A survey conducted by Paymentcare.co.uk last year revealed that, on average, customers had saved over £2,700 by choosing the independent provider’s PPI instead of their lender’s own – a clear indication of who’s been the winner here.

“This is money that borrowers will never get back. Some determined consumers with the time and energy to pursue the matter will no doubt be successful in reclaiming PPI charges that are deemed to have been unfair, but for the majority it’s a write-off.

“And it’s not just those who have paid way over the odds for High Street PPI who have lost out,” says Craig.

“There’s also all the borrowers who wanted protection for their loans but didn’t take it because they couldn’t afford their lender’s premiums and didn’t realise there was an affordable independent alternative. Those who subsequently lost their income and fell into arrears as a result will have suffered unnecessarily, some possibly on a major scale.”

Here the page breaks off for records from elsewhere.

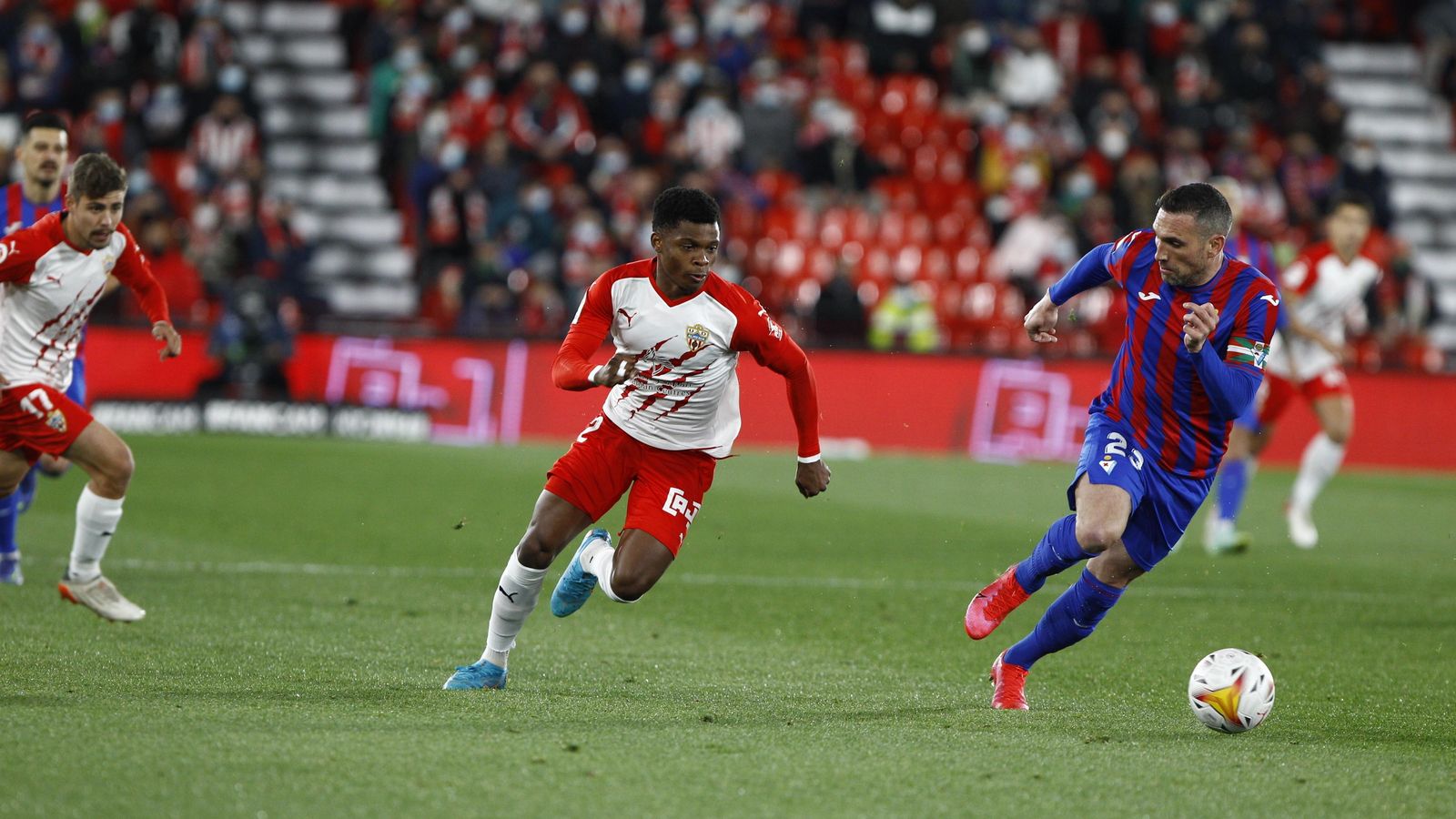 Ramazani estuvo de nuevo más bien perdido en el rol de falso '9'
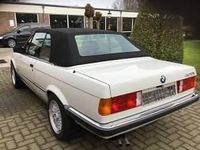 Usata BMW 320 Cabriolet 129 CV (94 kW) 1992 Bianco Cabrio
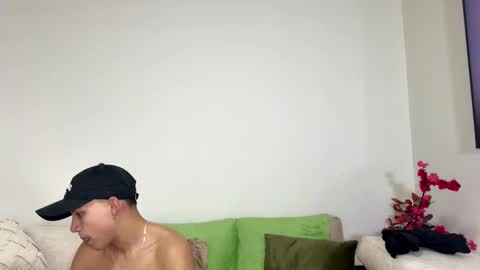 alejo__twinkboy online show from February 5, 4:59 am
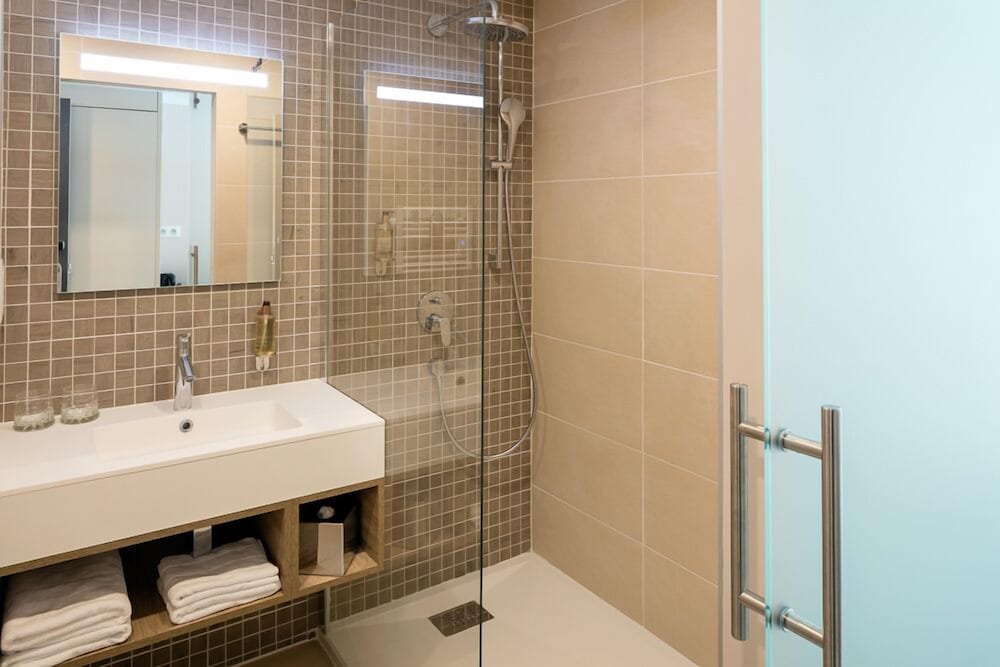 Room, King Bed, Pool Side, Vital Parc 3/3
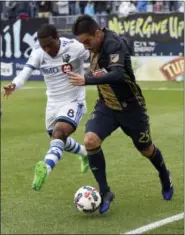  ?? MICHAEL PEREZ — THE ASSOCIATED PRESS ?? Philadelph­ia Union midfielder Ilsinho (25) drives the ball past Montreal Impact midfielder Patrice Bernier (8) during the first half of an MLS soccer match on Saturday.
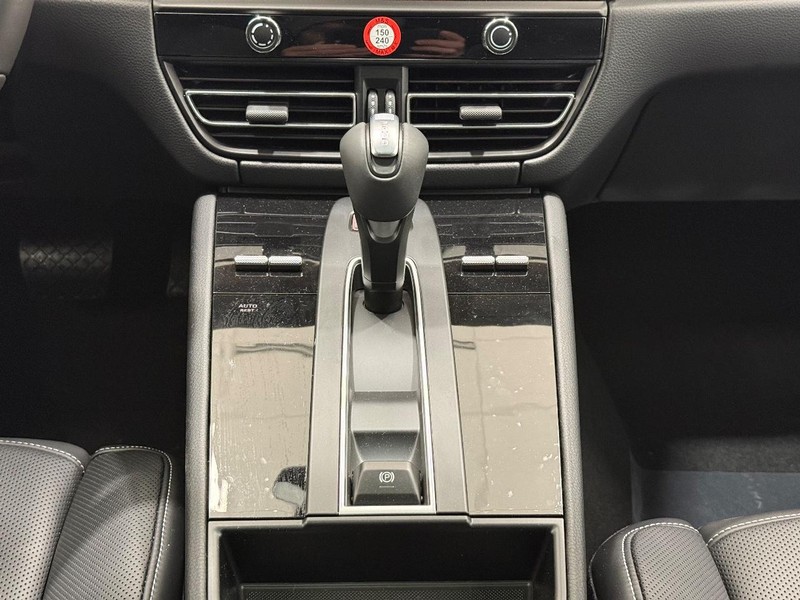 Porsche Macan Vehicle Full-screen Gallery Image 16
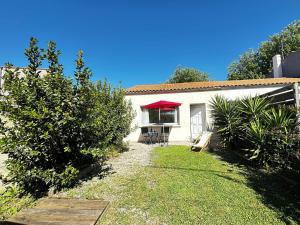 Maisons de vacances Maison a Fouras pour 4 personnes avec jardin clos - FR-1-709-92 : photos des chambres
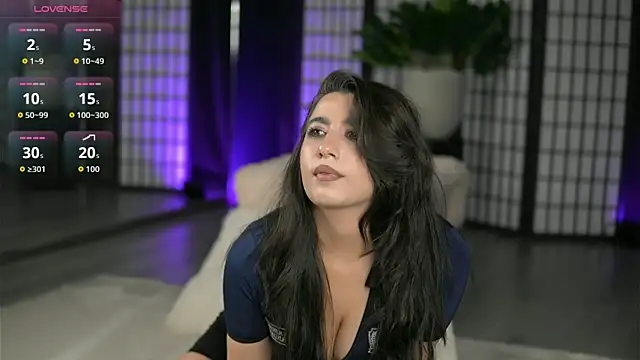 Snapshot of AliceVergara chatting on 07/07/26, 06:34 AliceVergara online show from 07/07/26, 06:34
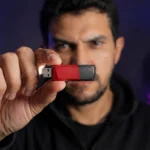 Melhor pendrive de 2026 com modelos USB modernos sobre mesa tecnológica
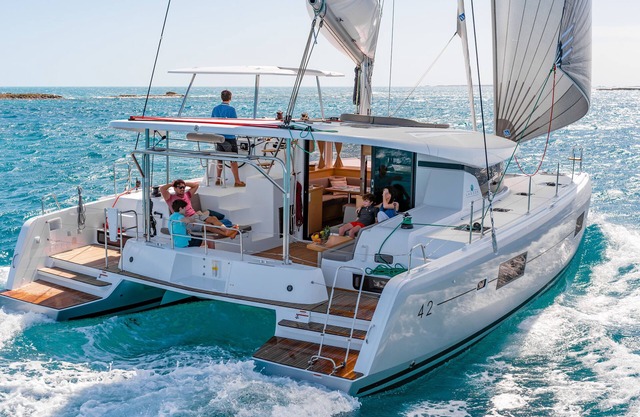 Luxury Catamaran Lagoon 42, 6 amazing islands, AC & Generator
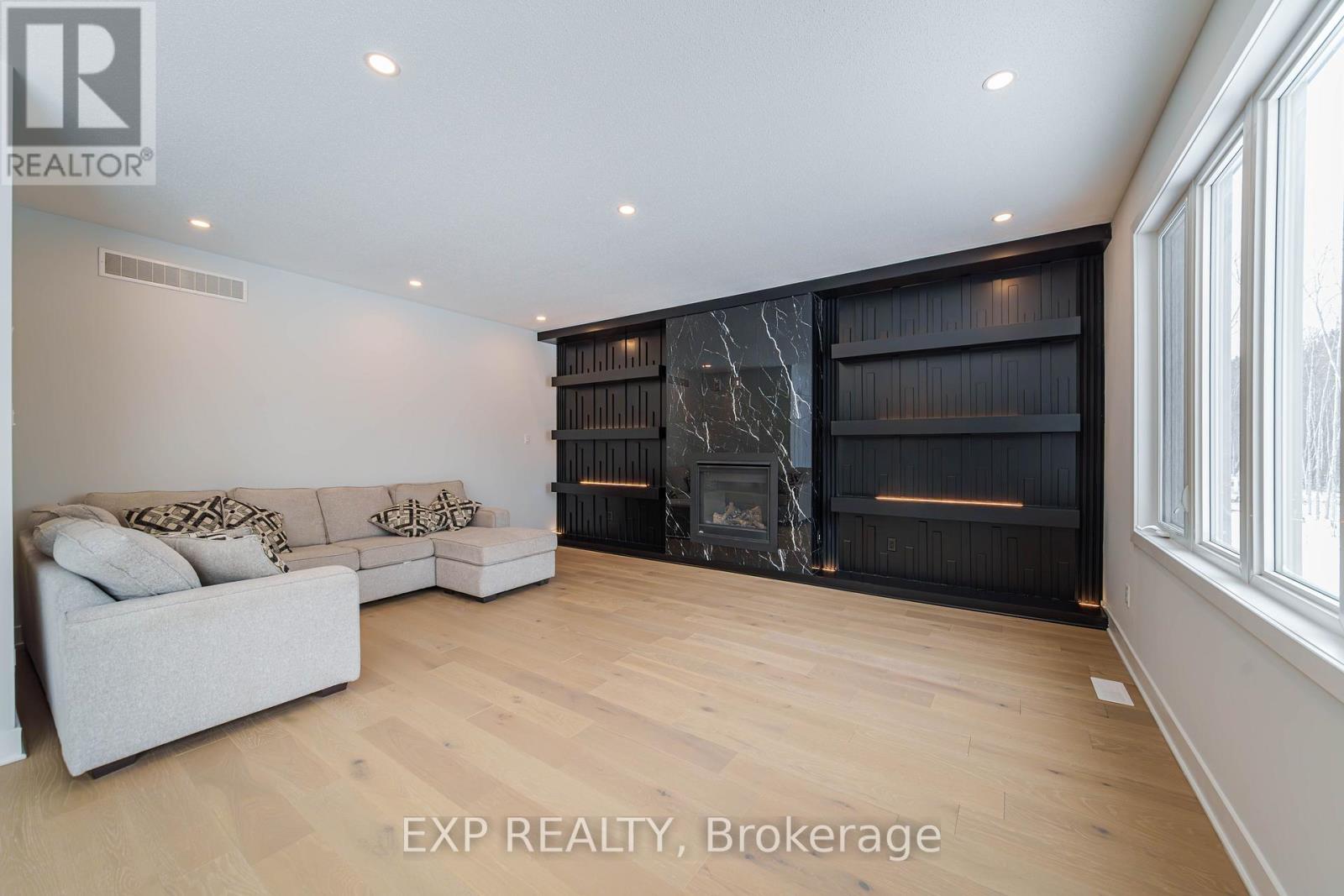 256 Antler Court, Mississippi Mills, Ontario  K0A 1A0 - Photo 16 - X12901138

This is terrible timing for lenders who are already struggling to cope with huge credit crunch losses, not to mention the potential iceberg of the High Court ruling on bank charges lurking ahead.

The downside of this decision may be that lenders will raise their loan rates to compensate for the loss of earnings from PPI sales, but the consumer remains the winner from today’s decision, says Craig.

“Now that this major hurdle has been cleared the next crucial message to get across to borrowers is that PPI is – and always has been – an essential personal finance product.

“In today’s troubled times borrowers need to be more careful than ever before that they have a financial safety net in place. With unemployment now at its highest level for a decade the spectre of redundancy is ever-present and isn’t choosy who it affects,” he adds.

“At last, borrowers will be protected by the Competition Commission’s decision from being unfairly treated. The next step on this long and winding road is for them to be made aware that they have the choice to buy PPI from an independent source.”